### WORK INSTRUCTION
The task calls for each record to be given again unchanged, minus any pictures.

Crawled caption data:
>>>
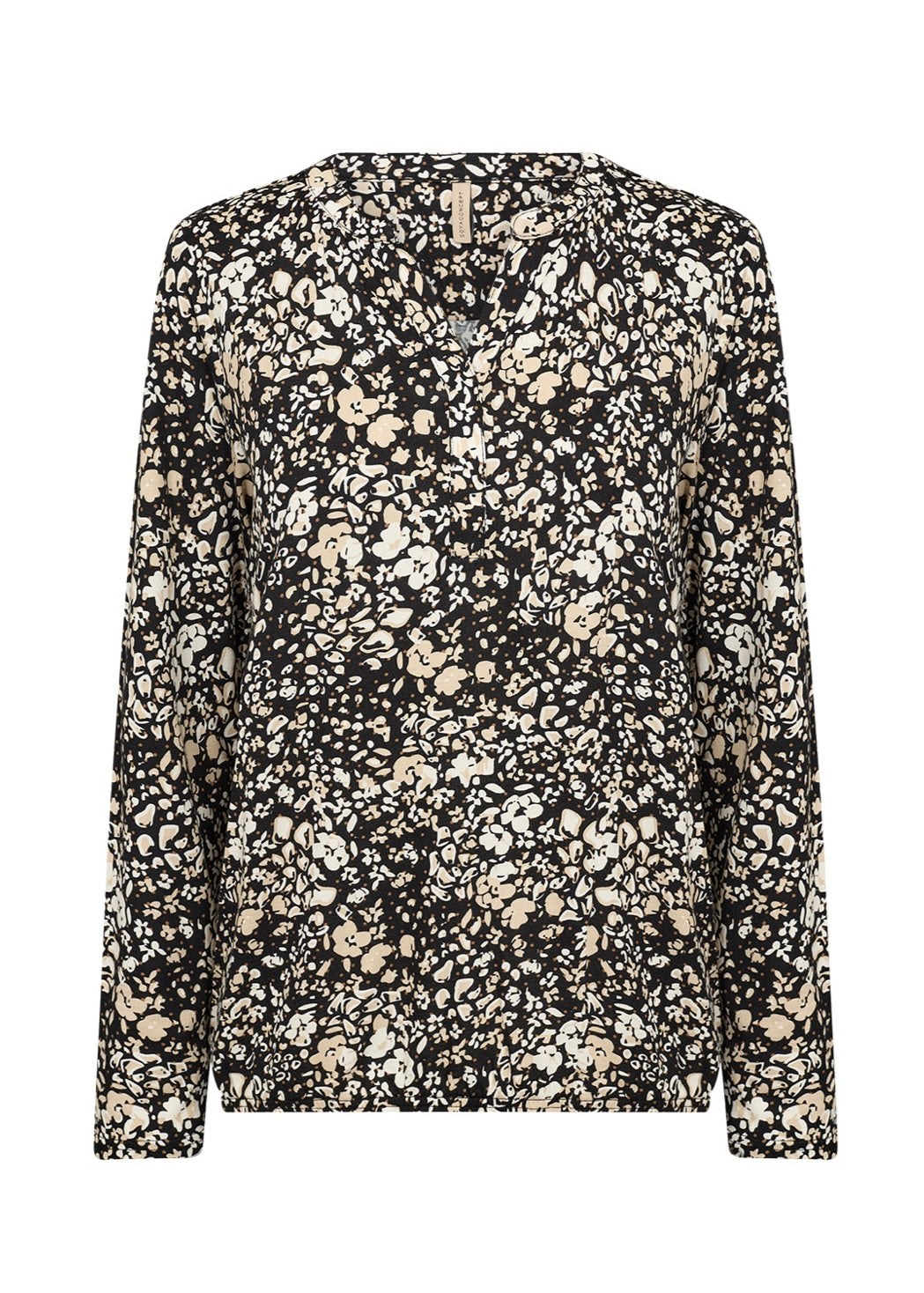 Blusa Felicity 532, svørt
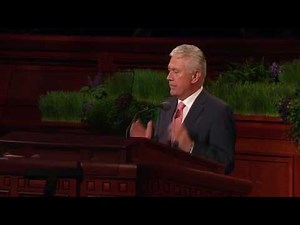 In Praise of Those who Save Uchtdorf April 2016 General Priesthood Meeting
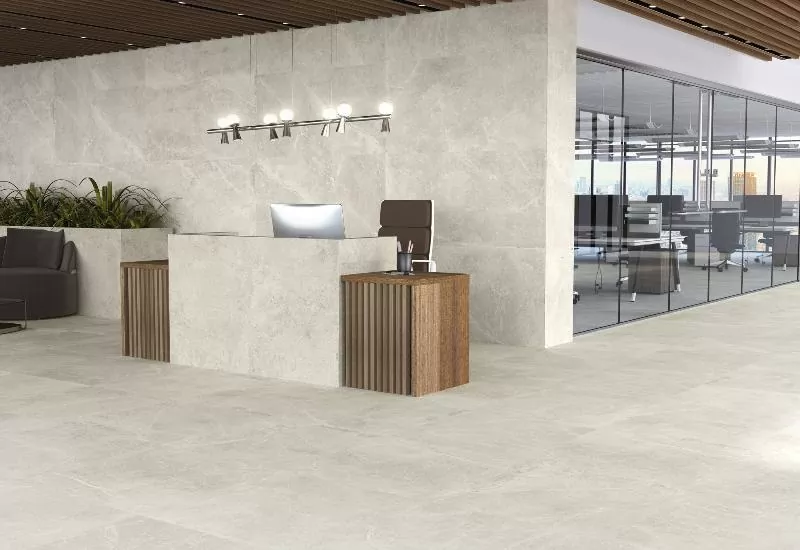 Керамогранит Pietra Antica Grigio 80x80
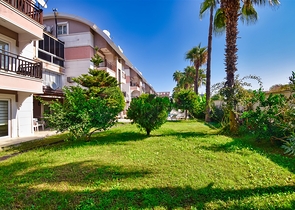 Квартира планировки 3+1 в районе Кемер - Анталия 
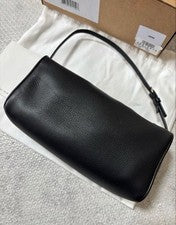 THE ROW Handbag 90's Bag Black #QY1I46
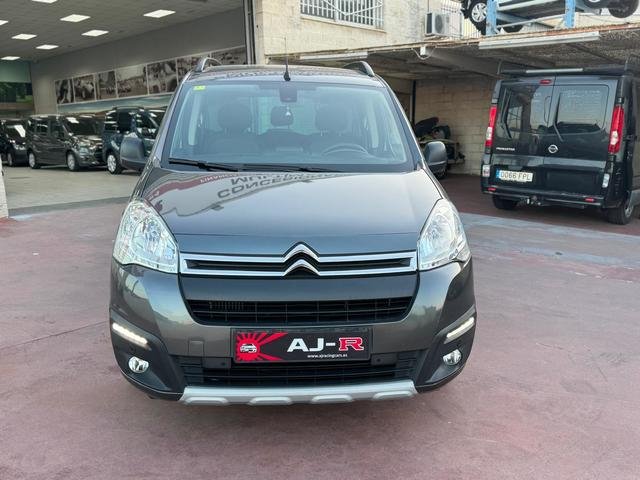Citroen Berlingo Combi BlueHDi 100 Multispace 20 Aniversario 74 kW (100 CV)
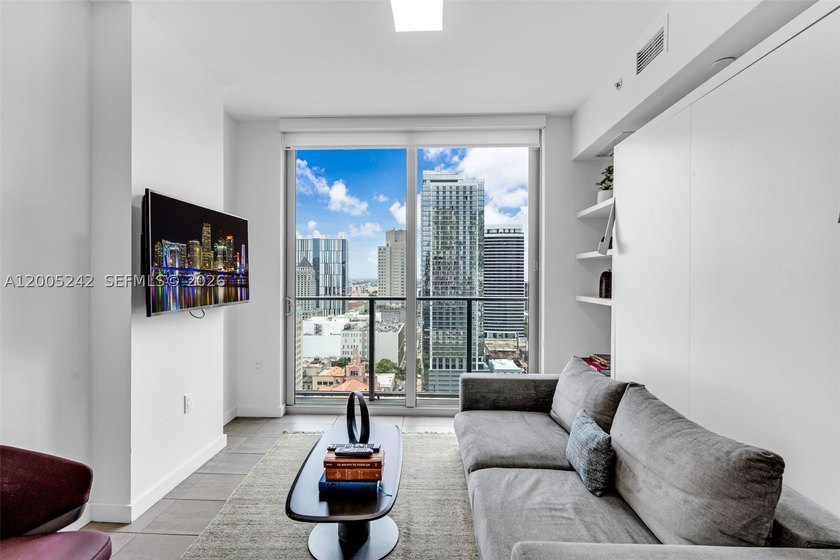Turnkey 1-bedroom, 1-bath residence at YOTELPAD Miami in the - photo 13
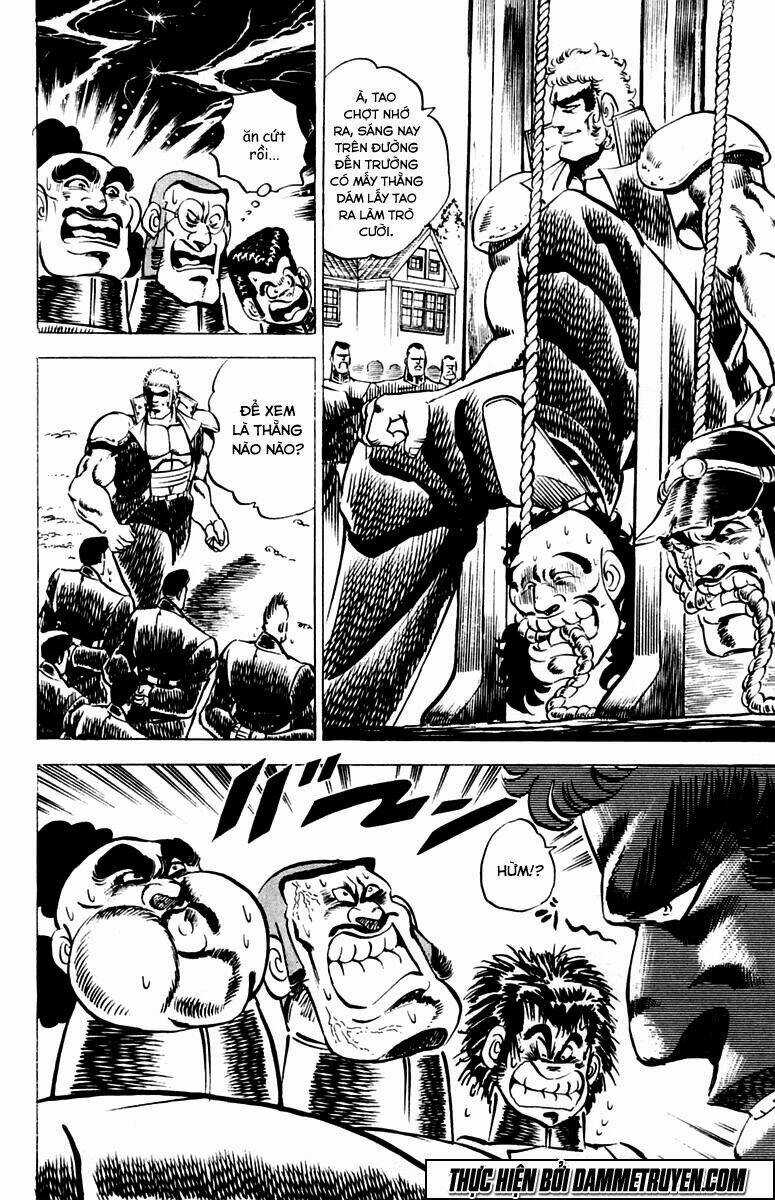 Sakigake!! Otokojuku Chapter 9 trang 17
<<<
### RESULT OF THIS TASK
 Blusa Felicity 532, svørt
 In Praise of Those who Save Uchtdorf April 2016 General Priesthood Meeting
 Керамогранит Pietra Antica Grigio 80x80
 Квартира планировки 3+1 в районе Кемер - Анталия 
 THE ROW Handbag 90's Bag Black #QY1I46
Citroen Berlingo Combi BlueHDi 100 Multispace 20 Aniversario 74 kW (100 CV)
Turnkey 1-bedroom, 1-bath residence at YOTELPAD Miami in the - photo 13
 Sakigake!! Otokojuku Chapter 9 trang 17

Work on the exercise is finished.